In 2008, soon after his 23rd birthday and still playing for Manchester United, Cristiano Ronaldo broke George Best’s 40-year-old record for the English first division of 32 goals in a season from the winger position. At the time, it was difficult to imagine how he could ever age, or what he would look like in his 30s. But he’s 33 now, and this is how 2018 started for him.
It was another goal drought, another spate of lingering poor form that seemed to suggest that the self-described “best player in history” is not, by a long shot, the destroyer of worlds that he once was. That’s sort of true. Gone are the days of those mind-bending, slaloming runs from half. He’s less springy now, and less of a central attacking presence than he used to be. His touch, on the occasional afternoon, goes missing; the frosted tips read, more often, as a sad attempt to reclaim lost youth. I would say “washed”—I’ve said “washed”— but only because it’s the most apt word I can think of for this sort of transaction between age and physical decline. You can’t be cool and all-powerful forever, and that realization can be exacting.
Take, for instance, the start of last year’s Champions League final.
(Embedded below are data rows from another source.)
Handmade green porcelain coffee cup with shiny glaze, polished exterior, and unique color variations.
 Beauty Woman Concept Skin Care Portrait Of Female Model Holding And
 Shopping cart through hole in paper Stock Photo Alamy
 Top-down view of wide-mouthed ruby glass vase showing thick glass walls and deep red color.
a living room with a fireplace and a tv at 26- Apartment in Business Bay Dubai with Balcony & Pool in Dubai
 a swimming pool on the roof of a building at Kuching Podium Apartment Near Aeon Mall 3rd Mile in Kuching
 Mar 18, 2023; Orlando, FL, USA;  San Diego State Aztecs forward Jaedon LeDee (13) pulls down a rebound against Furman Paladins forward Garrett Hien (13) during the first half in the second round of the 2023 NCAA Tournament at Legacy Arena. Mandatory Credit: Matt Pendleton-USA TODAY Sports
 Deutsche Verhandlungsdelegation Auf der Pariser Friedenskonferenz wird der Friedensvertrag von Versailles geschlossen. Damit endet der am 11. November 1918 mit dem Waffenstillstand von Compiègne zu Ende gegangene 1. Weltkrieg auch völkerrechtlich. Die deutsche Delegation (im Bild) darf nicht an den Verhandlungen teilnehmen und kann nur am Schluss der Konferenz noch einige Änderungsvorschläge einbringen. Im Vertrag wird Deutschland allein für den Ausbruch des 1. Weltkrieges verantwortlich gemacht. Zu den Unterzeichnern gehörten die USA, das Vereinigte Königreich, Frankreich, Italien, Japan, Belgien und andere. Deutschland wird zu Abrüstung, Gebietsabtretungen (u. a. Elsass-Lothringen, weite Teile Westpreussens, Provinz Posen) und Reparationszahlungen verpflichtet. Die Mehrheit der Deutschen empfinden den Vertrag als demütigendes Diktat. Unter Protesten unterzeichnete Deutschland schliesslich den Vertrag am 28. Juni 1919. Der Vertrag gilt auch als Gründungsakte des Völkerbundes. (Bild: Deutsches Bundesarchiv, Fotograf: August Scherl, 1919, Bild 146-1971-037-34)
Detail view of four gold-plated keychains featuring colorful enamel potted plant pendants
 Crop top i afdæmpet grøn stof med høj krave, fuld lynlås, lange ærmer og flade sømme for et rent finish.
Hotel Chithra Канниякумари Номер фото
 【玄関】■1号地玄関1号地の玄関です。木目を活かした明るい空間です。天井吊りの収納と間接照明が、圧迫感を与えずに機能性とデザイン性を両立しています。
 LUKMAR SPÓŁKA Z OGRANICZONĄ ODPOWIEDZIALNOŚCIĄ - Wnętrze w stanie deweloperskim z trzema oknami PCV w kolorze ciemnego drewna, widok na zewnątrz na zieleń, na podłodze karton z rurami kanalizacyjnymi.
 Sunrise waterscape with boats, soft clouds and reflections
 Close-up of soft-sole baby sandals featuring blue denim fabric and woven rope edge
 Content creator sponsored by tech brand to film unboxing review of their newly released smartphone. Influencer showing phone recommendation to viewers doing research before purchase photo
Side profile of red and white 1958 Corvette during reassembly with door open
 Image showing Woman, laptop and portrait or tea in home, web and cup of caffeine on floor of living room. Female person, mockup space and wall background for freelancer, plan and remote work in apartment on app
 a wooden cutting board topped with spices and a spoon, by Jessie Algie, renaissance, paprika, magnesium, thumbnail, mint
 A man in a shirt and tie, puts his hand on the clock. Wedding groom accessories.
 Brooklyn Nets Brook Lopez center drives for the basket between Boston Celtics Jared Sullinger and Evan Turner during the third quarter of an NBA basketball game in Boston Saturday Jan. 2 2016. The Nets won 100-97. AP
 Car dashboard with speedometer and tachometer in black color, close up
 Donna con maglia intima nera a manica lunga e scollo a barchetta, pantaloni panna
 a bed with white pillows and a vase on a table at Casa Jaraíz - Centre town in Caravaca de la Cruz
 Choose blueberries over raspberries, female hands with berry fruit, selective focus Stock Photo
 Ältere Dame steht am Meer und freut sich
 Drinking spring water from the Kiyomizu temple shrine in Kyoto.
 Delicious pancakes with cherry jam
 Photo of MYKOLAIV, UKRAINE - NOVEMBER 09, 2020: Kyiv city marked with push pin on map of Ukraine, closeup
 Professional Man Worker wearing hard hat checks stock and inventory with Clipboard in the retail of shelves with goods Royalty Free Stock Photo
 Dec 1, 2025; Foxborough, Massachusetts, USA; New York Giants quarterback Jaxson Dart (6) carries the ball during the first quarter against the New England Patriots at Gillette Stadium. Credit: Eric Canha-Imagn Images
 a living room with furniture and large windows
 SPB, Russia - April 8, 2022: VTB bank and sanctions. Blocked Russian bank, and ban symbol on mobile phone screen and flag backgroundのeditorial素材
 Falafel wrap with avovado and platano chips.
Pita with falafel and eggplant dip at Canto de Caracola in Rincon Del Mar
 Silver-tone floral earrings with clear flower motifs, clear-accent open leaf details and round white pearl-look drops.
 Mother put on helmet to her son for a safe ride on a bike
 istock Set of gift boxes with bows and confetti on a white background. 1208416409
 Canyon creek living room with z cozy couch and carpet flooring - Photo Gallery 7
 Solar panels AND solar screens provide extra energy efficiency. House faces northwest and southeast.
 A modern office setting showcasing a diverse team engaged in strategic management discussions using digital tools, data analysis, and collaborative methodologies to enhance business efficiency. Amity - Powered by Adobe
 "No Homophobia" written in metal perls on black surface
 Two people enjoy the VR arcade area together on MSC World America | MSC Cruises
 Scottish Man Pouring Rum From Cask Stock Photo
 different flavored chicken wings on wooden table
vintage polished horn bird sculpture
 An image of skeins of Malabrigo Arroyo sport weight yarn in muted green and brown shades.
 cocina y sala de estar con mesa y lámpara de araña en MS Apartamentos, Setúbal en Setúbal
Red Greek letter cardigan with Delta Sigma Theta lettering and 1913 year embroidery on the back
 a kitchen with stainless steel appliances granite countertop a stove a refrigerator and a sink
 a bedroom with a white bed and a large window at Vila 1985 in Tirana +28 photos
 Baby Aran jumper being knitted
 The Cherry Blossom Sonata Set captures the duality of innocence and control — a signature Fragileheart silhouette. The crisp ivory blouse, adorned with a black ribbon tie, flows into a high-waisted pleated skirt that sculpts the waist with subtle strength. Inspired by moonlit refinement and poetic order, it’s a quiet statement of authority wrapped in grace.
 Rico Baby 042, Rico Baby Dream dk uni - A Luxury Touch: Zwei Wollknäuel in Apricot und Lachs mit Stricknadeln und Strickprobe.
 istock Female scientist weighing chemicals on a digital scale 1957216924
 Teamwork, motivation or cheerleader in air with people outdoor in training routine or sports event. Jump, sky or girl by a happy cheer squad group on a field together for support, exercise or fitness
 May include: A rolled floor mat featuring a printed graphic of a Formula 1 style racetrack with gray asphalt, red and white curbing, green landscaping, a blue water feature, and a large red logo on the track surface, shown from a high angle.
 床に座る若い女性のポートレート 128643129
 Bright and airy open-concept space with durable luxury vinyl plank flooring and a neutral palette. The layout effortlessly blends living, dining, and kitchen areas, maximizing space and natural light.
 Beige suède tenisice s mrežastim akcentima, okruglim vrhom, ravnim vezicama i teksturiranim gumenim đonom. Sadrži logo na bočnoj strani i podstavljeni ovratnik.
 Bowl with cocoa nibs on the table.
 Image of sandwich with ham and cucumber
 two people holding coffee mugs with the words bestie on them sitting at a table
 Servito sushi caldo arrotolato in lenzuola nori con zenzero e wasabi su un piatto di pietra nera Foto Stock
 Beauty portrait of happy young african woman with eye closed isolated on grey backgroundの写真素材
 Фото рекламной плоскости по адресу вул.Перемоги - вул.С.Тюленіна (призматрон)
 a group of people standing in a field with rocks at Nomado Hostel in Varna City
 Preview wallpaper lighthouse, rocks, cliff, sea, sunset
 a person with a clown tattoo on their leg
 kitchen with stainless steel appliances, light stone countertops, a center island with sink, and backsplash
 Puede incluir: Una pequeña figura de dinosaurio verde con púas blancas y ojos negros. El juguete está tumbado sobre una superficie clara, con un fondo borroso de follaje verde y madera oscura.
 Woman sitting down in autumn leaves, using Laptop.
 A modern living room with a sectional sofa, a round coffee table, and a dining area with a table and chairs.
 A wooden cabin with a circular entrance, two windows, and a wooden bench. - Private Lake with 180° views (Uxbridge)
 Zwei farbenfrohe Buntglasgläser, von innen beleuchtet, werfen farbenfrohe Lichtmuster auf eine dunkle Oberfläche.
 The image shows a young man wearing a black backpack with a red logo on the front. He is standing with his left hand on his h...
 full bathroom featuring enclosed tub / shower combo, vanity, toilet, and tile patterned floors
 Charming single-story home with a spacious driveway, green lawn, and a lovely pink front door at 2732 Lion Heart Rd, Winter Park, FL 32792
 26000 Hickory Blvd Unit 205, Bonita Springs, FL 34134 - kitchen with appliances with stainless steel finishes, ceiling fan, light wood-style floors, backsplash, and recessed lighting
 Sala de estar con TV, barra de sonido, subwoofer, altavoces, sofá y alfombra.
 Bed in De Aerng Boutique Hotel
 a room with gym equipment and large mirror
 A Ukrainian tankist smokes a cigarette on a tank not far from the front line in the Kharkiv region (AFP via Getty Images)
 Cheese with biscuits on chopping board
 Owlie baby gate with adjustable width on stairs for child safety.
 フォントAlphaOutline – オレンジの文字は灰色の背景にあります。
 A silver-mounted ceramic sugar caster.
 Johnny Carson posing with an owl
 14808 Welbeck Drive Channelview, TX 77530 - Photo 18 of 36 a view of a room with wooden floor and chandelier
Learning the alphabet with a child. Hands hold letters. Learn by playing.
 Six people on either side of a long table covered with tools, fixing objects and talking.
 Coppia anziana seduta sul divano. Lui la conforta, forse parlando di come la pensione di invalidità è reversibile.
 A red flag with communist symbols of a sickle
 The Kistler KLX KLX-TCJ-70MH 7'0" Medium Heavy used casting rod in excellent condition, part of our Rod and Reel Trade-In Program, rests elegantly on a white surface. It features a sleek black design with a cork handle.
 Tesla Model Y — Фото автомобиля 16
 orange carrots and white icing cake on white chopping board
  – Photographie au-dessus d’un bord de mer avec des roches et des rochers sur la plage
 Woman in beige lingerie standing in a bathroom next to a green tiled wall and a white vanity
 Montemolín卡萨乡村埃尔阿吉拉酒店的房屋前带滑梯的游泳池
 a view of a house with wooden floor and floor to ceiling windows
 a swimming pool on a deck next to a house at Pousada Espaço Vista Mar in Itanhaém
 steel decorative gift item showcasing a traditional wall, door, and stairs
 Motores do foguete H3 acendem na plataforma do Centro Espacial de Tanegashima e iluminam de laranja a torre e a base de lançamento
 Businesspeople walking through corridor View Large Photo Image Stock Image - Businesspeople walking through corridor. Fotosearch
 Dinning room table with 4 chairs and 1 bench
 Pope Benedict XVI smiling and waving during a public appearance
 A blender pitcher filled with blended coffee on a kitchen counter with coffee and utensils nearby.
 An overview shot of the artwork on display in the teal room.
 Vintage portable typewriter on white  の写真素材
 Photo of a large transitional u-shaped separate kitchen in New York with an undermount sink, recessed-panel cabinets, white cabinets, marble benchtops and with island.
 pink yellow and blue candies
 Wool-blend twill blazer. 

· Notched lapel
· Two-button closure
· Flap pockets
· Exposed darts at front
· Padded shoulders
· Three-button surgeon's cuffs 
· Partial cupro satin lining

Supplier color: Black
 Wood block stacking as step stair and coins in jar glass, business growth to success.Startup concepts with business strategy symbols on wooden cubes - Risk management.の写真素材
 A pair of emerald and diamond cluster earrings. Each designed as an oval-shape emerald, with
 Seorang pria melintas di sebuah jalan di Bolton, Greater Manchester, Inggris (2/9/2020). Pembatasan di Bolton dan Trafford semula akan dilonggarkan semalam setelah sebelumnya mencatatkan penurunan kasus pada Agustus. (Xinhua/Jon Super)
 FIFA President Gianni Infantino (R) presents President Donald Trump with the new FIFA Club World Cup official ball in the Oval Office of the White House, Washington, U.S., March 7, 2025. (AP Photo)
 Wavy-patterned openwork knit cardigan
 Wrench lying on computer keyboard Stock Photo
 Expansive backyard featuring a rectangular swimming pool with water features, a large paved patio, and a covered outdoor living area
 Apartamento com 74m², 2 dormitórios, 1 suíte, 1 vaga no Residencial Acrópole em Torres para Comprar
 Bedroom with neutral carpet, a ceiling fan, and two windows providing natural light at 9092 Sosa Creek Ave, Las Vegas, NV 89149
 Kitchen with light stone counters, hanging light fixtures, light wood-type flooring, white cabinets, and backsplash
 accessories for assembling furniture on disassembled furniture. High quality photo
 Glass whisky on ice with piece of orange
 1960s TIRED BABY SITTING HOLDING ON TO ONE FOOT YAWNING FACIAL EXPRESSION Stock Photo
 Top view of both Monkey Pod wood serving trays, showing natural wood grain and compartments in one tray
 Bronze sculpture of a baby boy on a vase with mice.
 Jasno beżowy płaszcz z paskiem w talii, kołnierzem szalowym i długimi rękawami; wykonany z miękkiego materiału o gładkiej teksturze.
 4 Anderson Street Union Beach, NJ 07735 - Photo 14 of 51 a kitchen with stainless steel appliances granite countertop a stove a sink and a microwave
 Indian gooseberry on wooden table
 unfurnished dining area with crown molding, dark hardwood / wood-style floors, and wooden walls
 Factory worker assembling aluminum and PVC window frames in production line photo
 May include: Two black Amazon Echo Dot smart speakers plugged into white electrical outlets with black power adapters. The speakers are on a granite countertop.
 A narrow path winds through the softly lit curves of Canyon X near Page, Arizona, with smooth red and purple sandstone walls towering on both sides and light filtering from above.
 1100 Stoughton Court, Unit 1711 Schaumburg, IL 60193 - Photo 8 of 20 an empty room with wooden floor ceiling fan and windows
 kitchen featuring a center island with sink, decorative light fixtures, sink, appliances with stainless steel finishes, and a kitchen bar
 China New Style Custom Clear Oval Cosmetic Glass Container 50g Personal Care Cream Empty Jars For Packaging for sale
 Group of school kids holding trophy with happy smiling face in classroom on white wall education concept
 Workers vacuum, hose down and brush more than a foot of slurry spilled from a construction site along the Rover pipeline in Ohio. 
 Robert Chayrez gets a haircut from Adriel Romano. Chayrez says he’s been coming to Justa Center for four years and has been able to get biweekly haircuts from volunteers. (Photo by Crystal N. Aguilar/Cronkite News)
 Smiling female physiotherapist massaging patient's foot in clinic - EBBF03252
It was the first half in Cardiff, and Ronaldo looked enviously at Juventus’s Mario Mandzukic, who briefly morphed into Misty Copeland to bang in an overhead kick from forever away and put the Italian side up 1-0 against the run of play. “Mario Mandzukic,” Ronaldo scoffed to himself, I imagine. “That, to me, is a dog’s name.” Never to be outdone, Ronaldo then attempted an acrobatic overhead kick of his own. He missed, we all had a good laugh about it, and Madrid still ended up winning 4-1.
So, yes, Ronaldo is, fairly obviously, not what he once was.
That doesn’t mean he can’t still impose himself on a game. That he isn’t still unfair. Ronaldo went to Turin for the first leg of Madrid’s Champions League quarterfinal tie against Juventus on Tuesday and put his feet up on the Old Lady’s desk, bagging two goals. First a header, then a backbreaker. The home fans could only applaud:
Let’s break that “unfair” down a little. It was a vintage Madrid performance in that the scoreline didn’t fairly reflect the exchanges of the actual game, which turned largely on confounding individual efforts, like that save from Keylor Navas or Paulo Dybala planting a boot in Dani Carvajal’s chest. Moreover, there was the creeping sense of an invisible hand tipping the cosmic scales in their favor. What are the chances that Giorgio Chiellini and Gigi Buffon—who have a telepathic link, based on all available evidence—conspire to flub a clearance so poorly? What are you even supposed to do with something like that?
There are any number of reasons that this shouldn’t have come off. But those are the moments most worth watching and rewatching until your brain dissolves into dust or you begin to understand how it could have happened in the first place.
I mean, look at how high he got. Cristiano Ronaldo is 33 years old now. I wonder what he’ll look like in his 40s.
An earlier version of this piece misstated the score in Tuesday’s Real Madrid–Juventus match; Madrid won 3-0, not 3-1.